So the question still remains of "What method do I use." I train the dog I am training. There is no one thing that I can do to create the beautiful relationship that I have with my dogs. I respect dogs for who they are, I believe in their potential, build on their strengths, and chip away at their weaknesses. I build a relationship with them so that they care what I think and try really hard to please me. I truly "train the dog that I am training".

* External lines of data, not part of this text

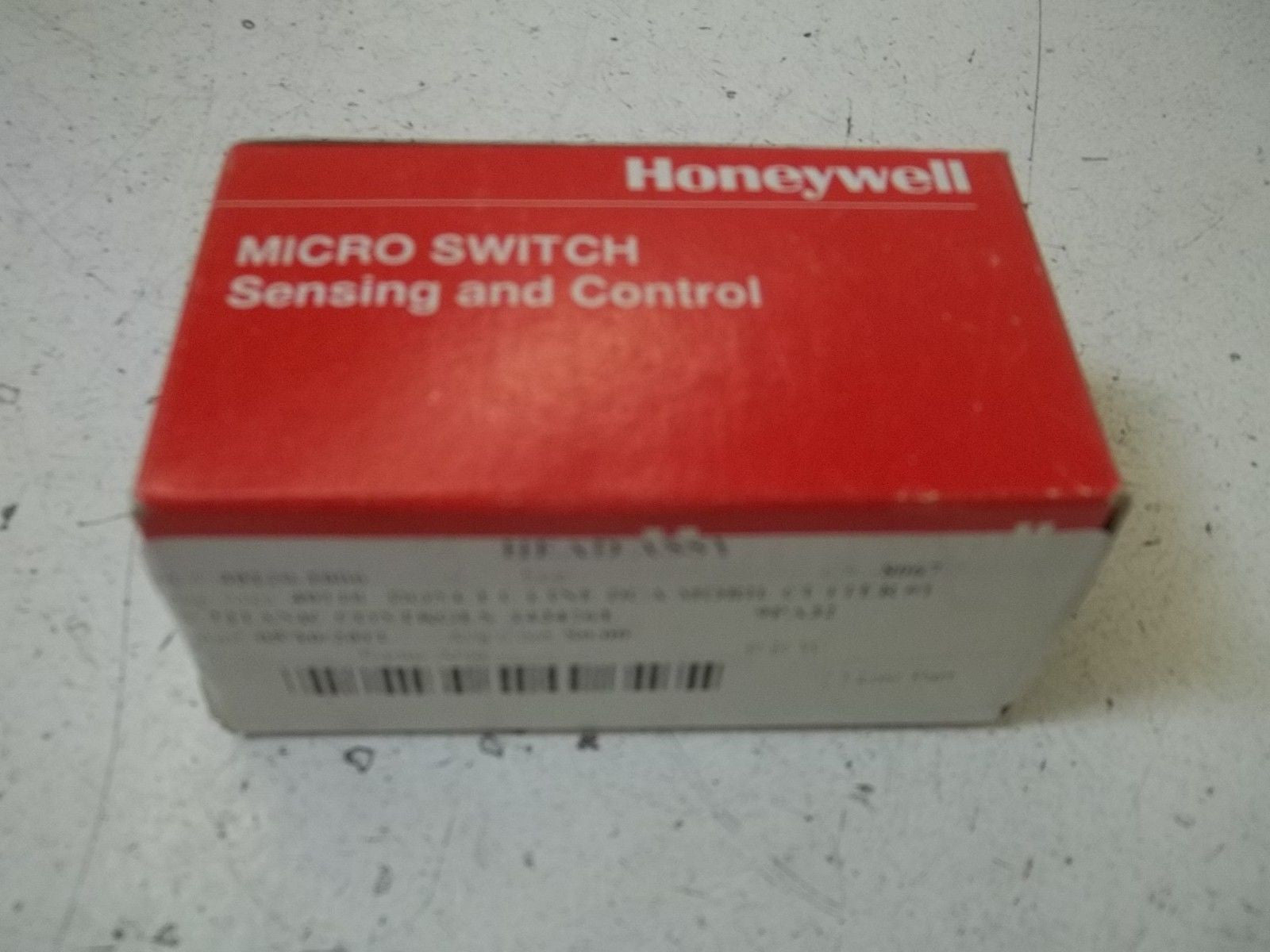 HONEYWELL 9PA32 OIL TIGHT LIMIT SWITCH *NEW IN BOX*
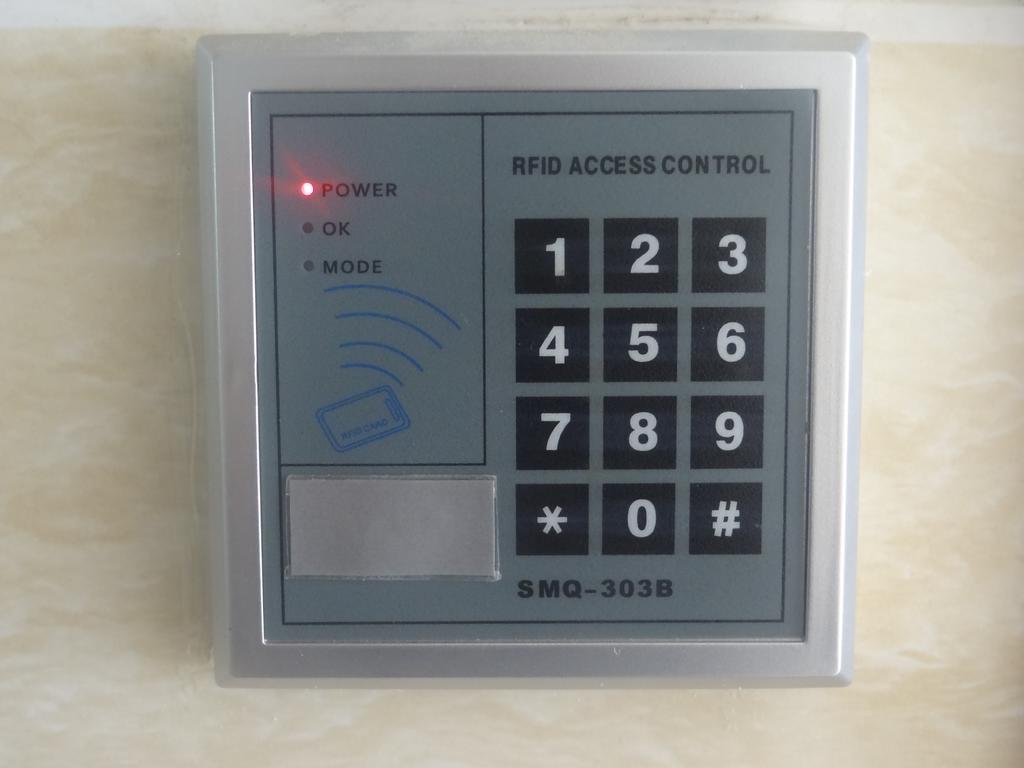 קוולון Tai Wah Guest House מראה חיצוני תמונה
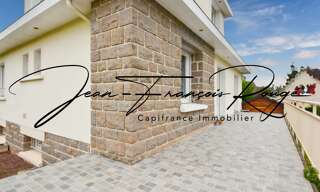 Maison 6 Pièces 133 m² à vendre à Agneaux (50180)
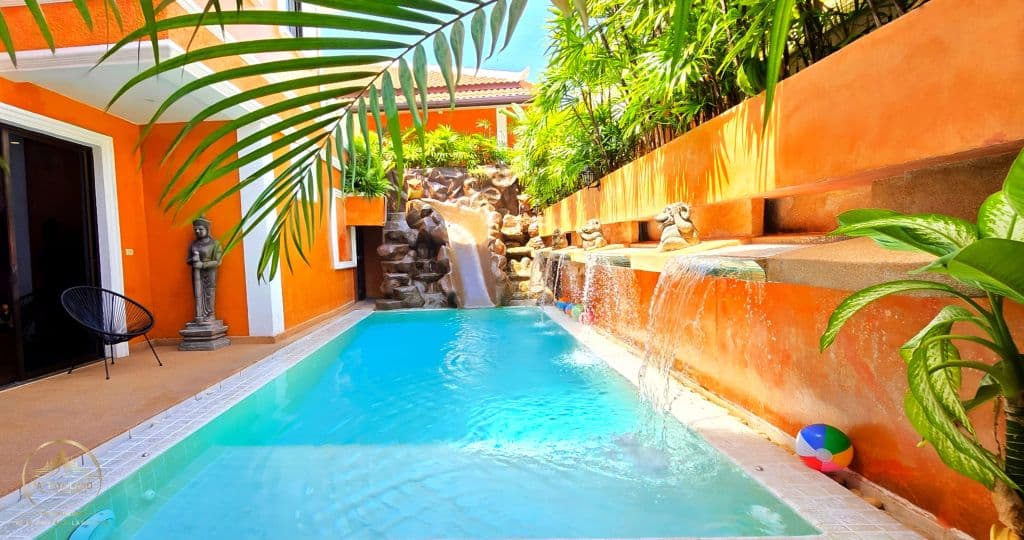 HIDELAND Luxury Pool Villa Pattaya Walking Street
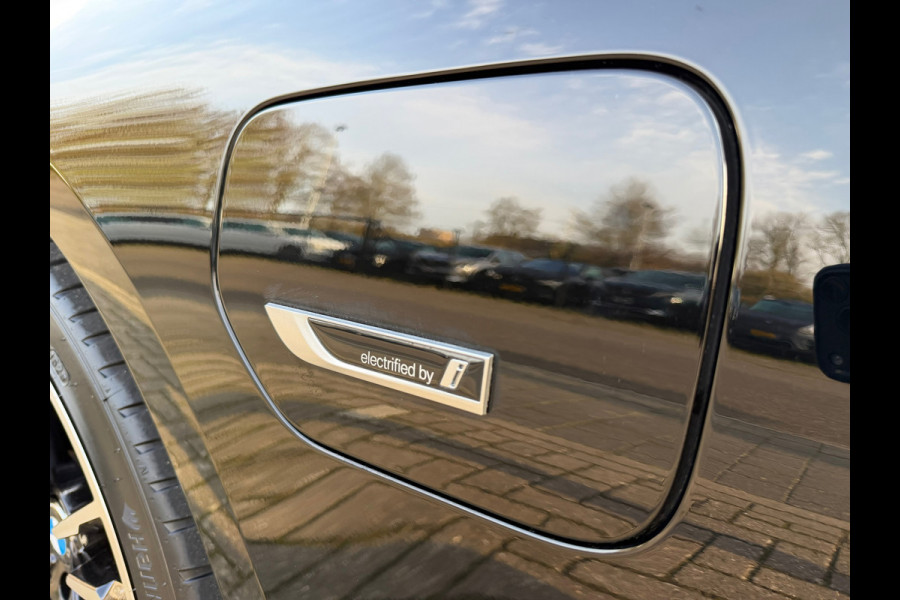 BMW 3 Serie Touring 320e FACELIFT / Navi / Cruise / Camera / Climate / Trekhaak / 20" Breedset.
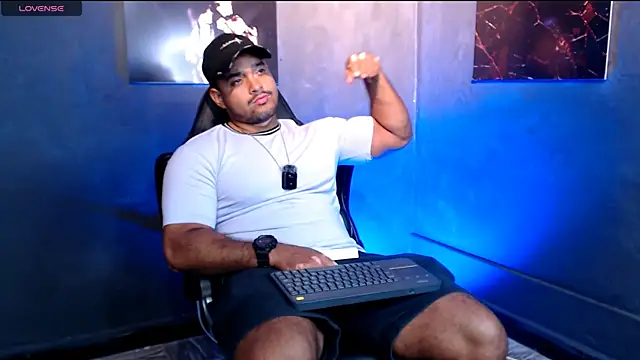 Snapshot of Big_furry_bear13 chatting on 10-08-25, 06:22 Big furry bear13 online show from 10-08-25, 06:22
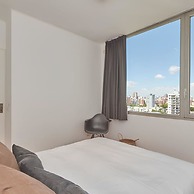 Torre Montagna I Stylish 1BR With Balcony in Nu ez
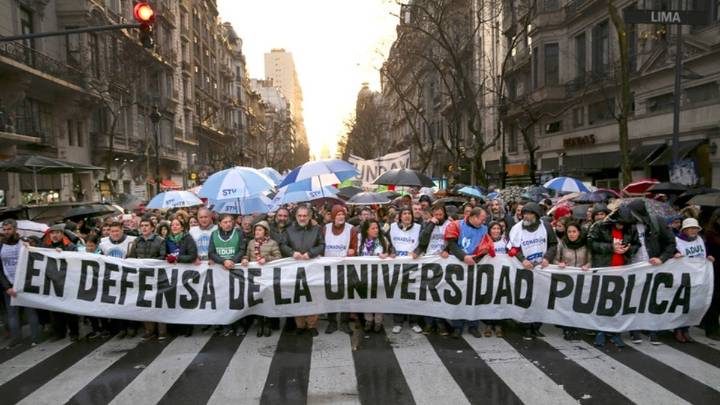 Docentes universitarios preparan la tercera Marcha Federal en rechazo al veto de Javier Milei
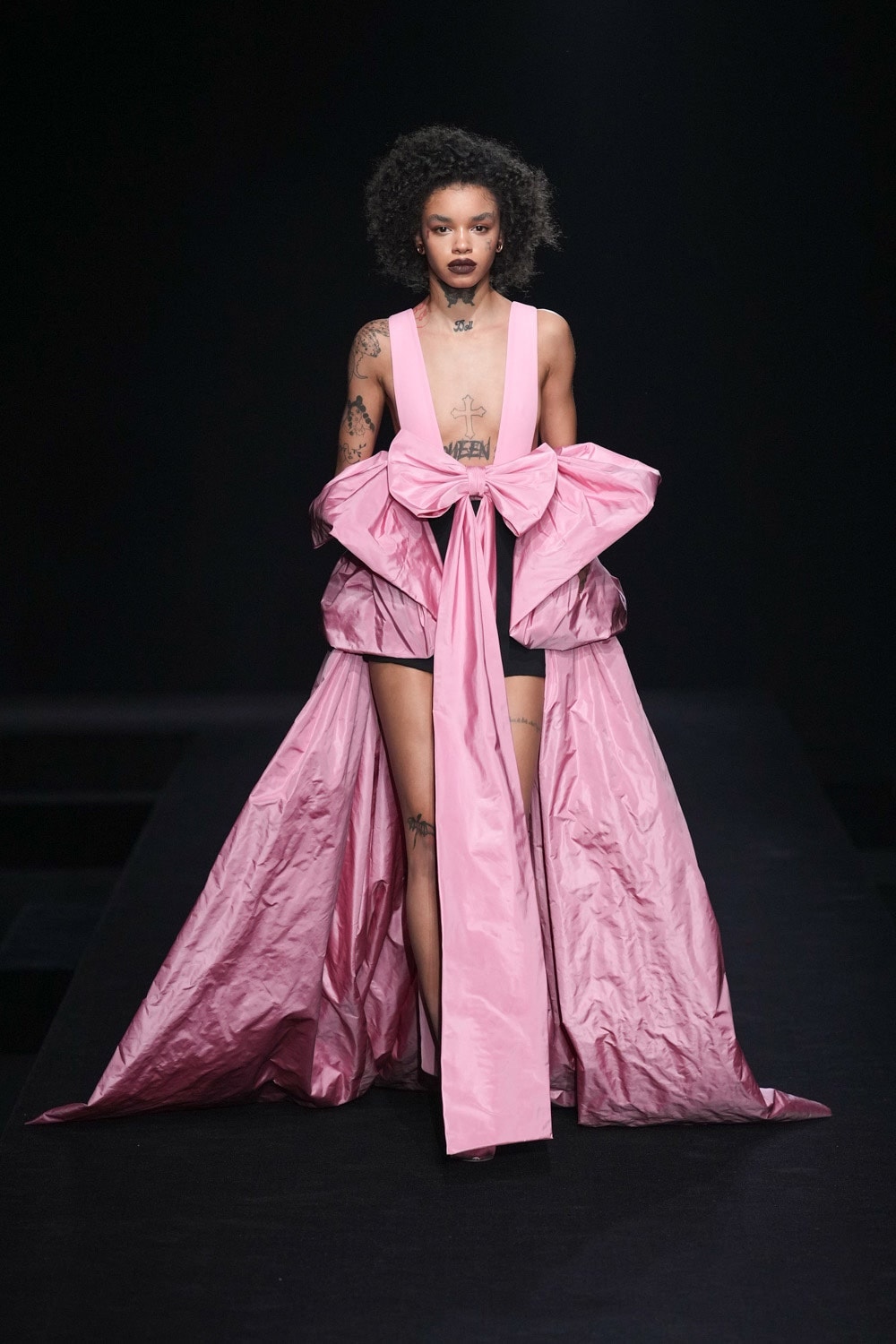 Valentino 2023ss the haute couture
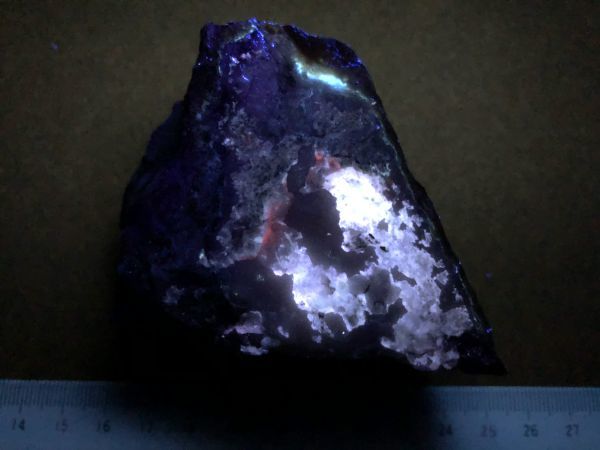 ☆金鉱石 ◇岩手県世田米鉱山 【国産鉱物標本 ☆鮮やかな白い蛍光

Nice statement ? but sometimes could lead to a mismash of training techniques which could be difficult especially for the new person. IMO could lead to confusion for the dog. I believe IMHO you need an established program and nothing like having some assistance where you can learn. Reading the dog comes from doing with guidence especially for a new person and will go further I feel.


----------



## Rainmaker (Feb 27, 2005)

Mary Lynn, I specifically said pros because that's what Jennifer referenced. But even those noobs using a system, Lardy, etc, have to adapt to their dog. Adaptation doesn't mean hodgpodge training, skipping steps, it means reading the dog and figuring out to communicate the desired response in a manner the dog best understands. It means understanding how to use a system to train a dog, not forcing a dog to fit a specific mold. It means understanding what the desired end result should be before you ever teach a dog to sit. I still hold that very few noobs can learn to train a dog well just from watching a DVD and/or reading a book. They are extremely helpful and I think I've gotten and have watched/read most on the market, along with alot of other dog training stuff. Where I actually learn to apply it is from the pros in the field and working a half dozen of my own at a time, at various levels. Now that is about as humbling as it gets, training more than one dog and realizing there is no mold that fits them all.


----------



## Kenneth Niles Bora (Jul 1, 2004)

rainmaker said:


> ......... System of force to conquer a dog, well, that's a pretty arrogant and damning little phrase to alot of people, from someone who has yet to train or run a retriever beyond a jh.


bazinga!!!!!


----------



## Jennifer Henion (Jan 1, 2012)

Jennifer Henion said:


> That is so neat, Barb! That's exactly how I feel about it. When she says, "you can't buy that with a cookie" true, but I'd also say "you can't just conquer the dog with system of force" You have to know the dog to make either work best.
> 
> Thanks for sharing that. I guess that makes it hard for pros and why they need a system.
> 
> ...


Rainmaker and Ken, the above is what I said. You took my ecollar comment out of context. Not only do *i not* believe most ecollar trainers are trying to "just conquer the dog with a system of force". I also do *NOT *believe clicker trainers are trying to just "buy that with a cookie".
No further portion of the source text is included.